## PROBLEM STATEMENT
Transcribe everything in the records exactly. Skip the images.

## PROVIDED ENTRIES
========================================
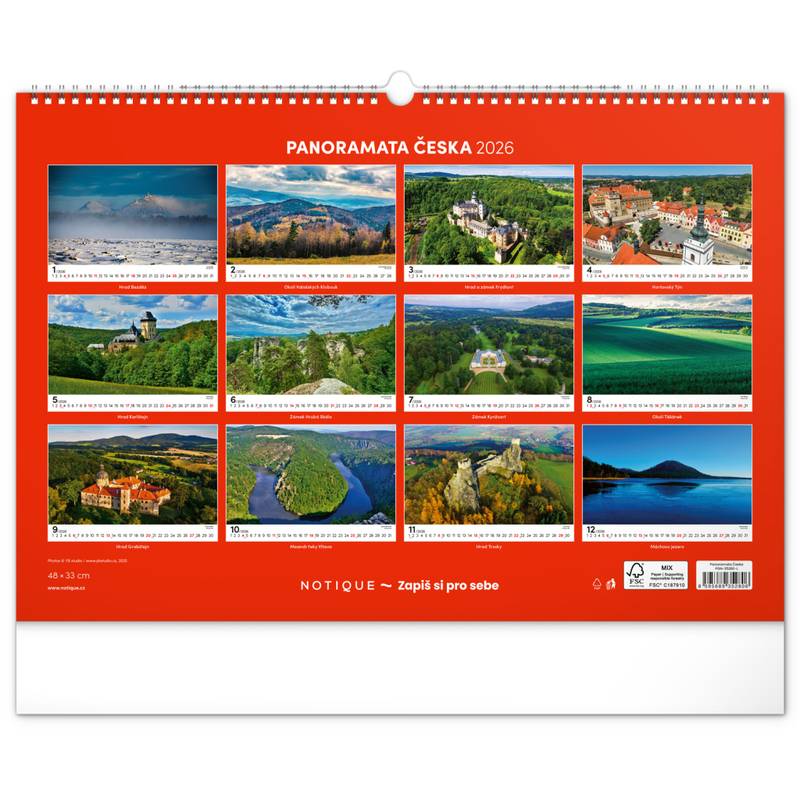 NOTIQUE Nástěnný kalendář Panoramata Česka 2026, 48 x 33 cm NOTIQUE Nástěnný kalendář Panoramata Česka 2026, 48 x 33 cm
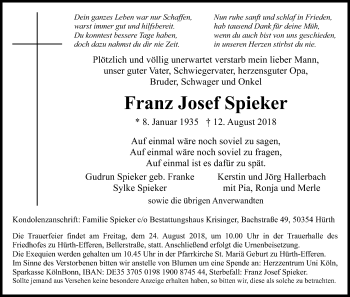 Anzeige von Franz Josef Spieker von Kölner Stadt-Anzeiger / Kölnische Rundschau / Express
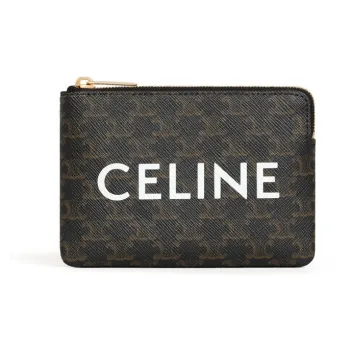 CELINE Triomphe Coated Canvas Handheld Card Holder Coin Purse Regular Women's Black/Tawny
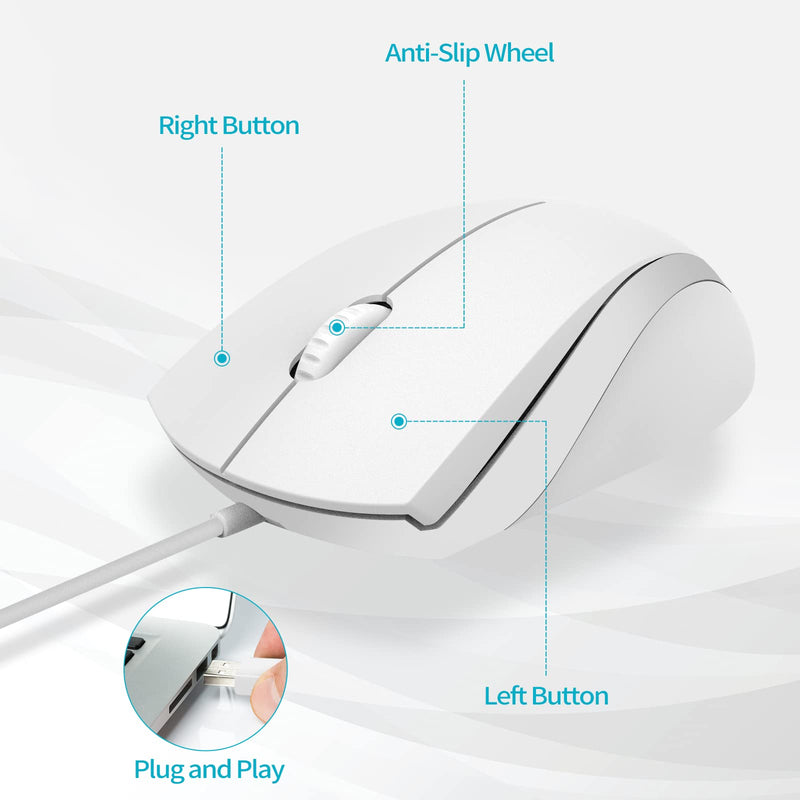 Rapoo N1600 3-Button Quiet Wired Mouse, 1000DPI Optical Mouse, Quiet Button, Ergonomic Shape, for Desktop Computers Laptops, Matte White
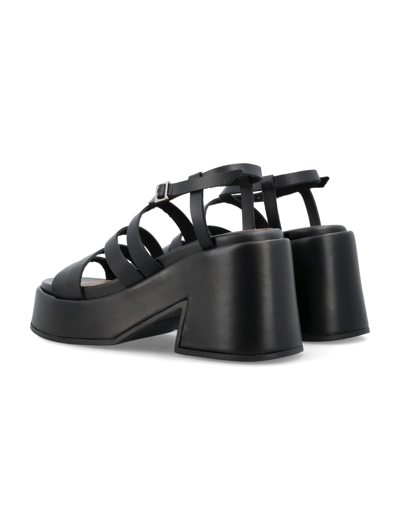 Shop Ganni Chunky Heeled Sandals In Black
========================================
## TASK OUTPUT
 NOTIQUE Nástěnný kalendář Panoramata Česka 2026, 48 x 33 cm NOTIQUE Nástěnný kalendář Panoramata Česka 2026, 48 x 33 cm
 Anzeige von Franz Josef Spieker von Kölner Stadt-Anzeiger / Kölnische Rundschau / Express
 CELINE Triomphe Coated Canvas Handheld Card Holder Coin Purse Regular Women's Black/Tawny
 Rapoo N1600 3-Button Quiet Wired Mouse, 1000DPI Optical Mouse, Quiet Button, Ergonomic Shape, for Desktop Computers Laptops, Matte White
 Shop Ganni Chunky Heeled Sandals In Black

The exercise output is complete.